··· DATASET RECORDS

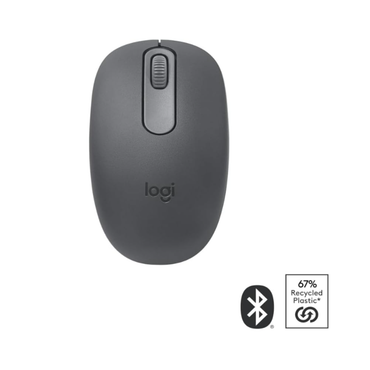 Logitech Wireless Mouse M196 910-007459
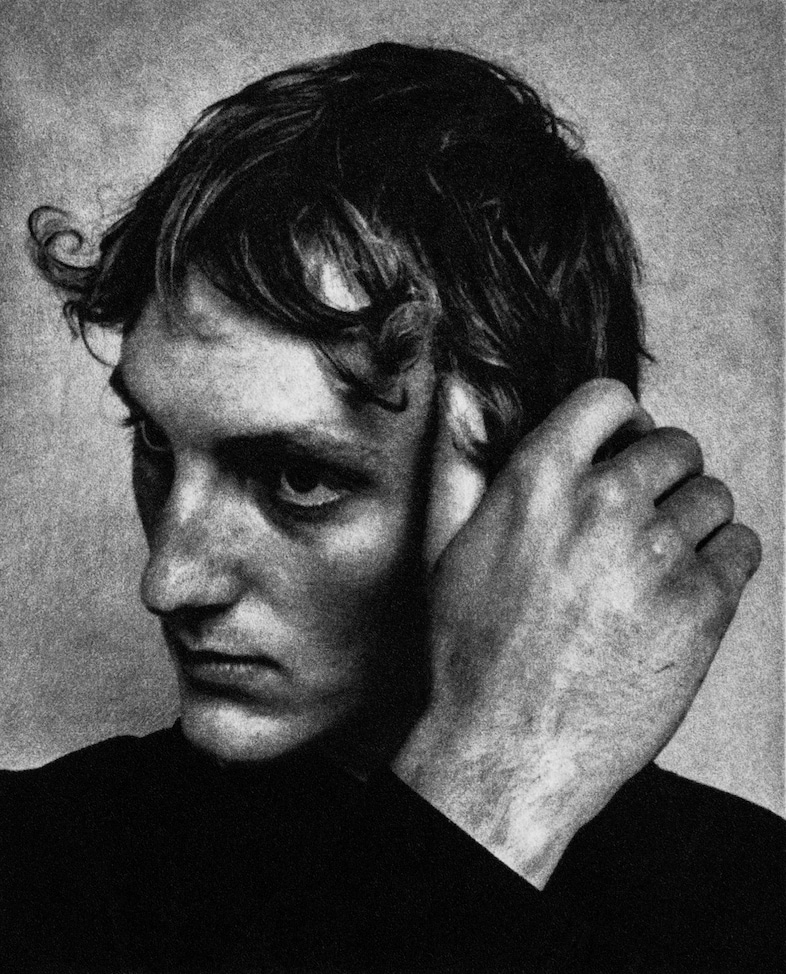 Portraits 14-16 November by Jack Davison,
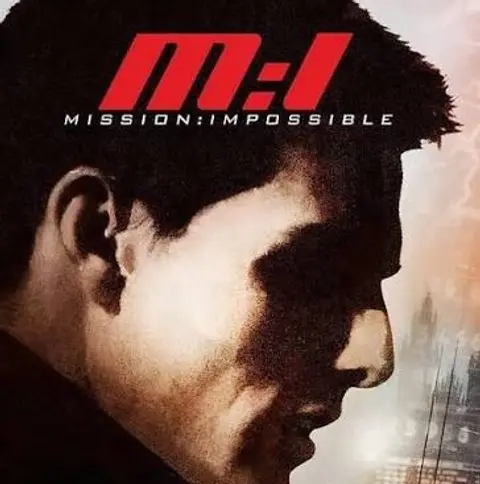 Mission Impossible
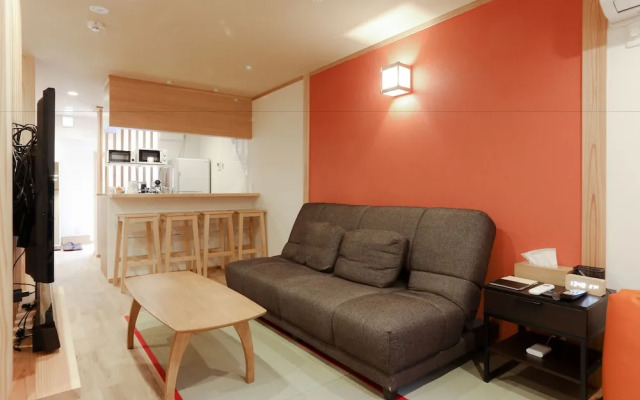 Shiki Homes ZEN FUYACHO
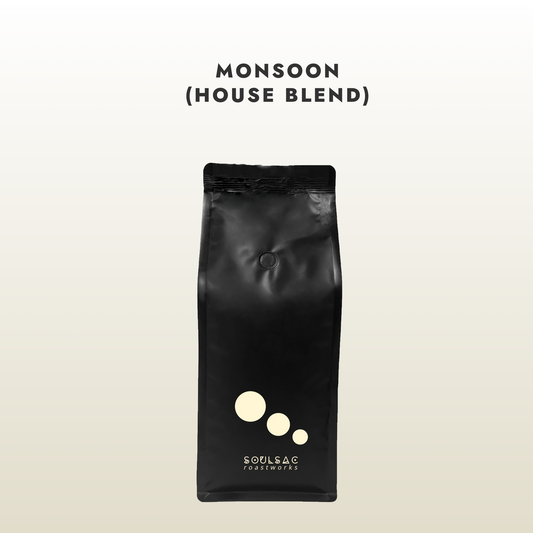 Monsoon (House Blend)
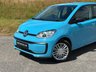 USED 2019 19 VOLKSWAGEN UP! 1.0 Move up! Hatchback 5dr Petrol Manual Euro 6 (s/s) (60 ps) 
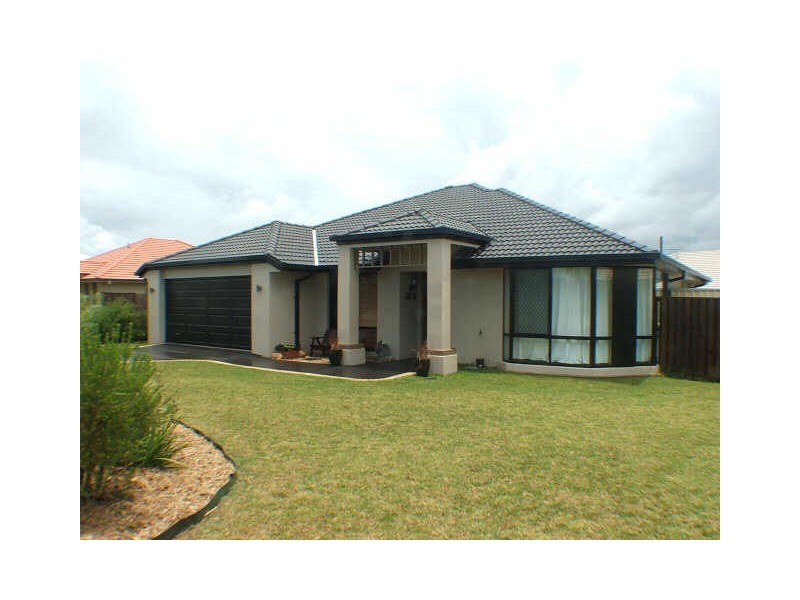 36 Creekside Drive, Narangba QLD 4504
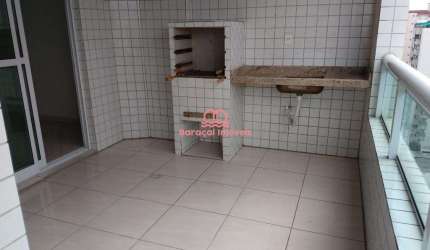 Apartamento à Venda em Vila Guilhermina, Praia Grande - SP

······

TASK TO CARRY OUT: Without the pictures, transcribe exactly the lines above from the one containing "Shiki Homes ZEN FUYACHO" through the last.

TASK OUTPUT:
 Shiki Homes ZEN FUYACHO
 Monsoon (House Blend)
 USED 2019 19 VOLKSWAGEN UP! 1.0 Move up! Hatchback 5dr Petrol Manual Euro 6 (s/s) (60 ps) 
 36 Creekside Drive, Narangba QLD 4504
 Apartamento à Venda em Vila Guilhermina, Praia Grande - SP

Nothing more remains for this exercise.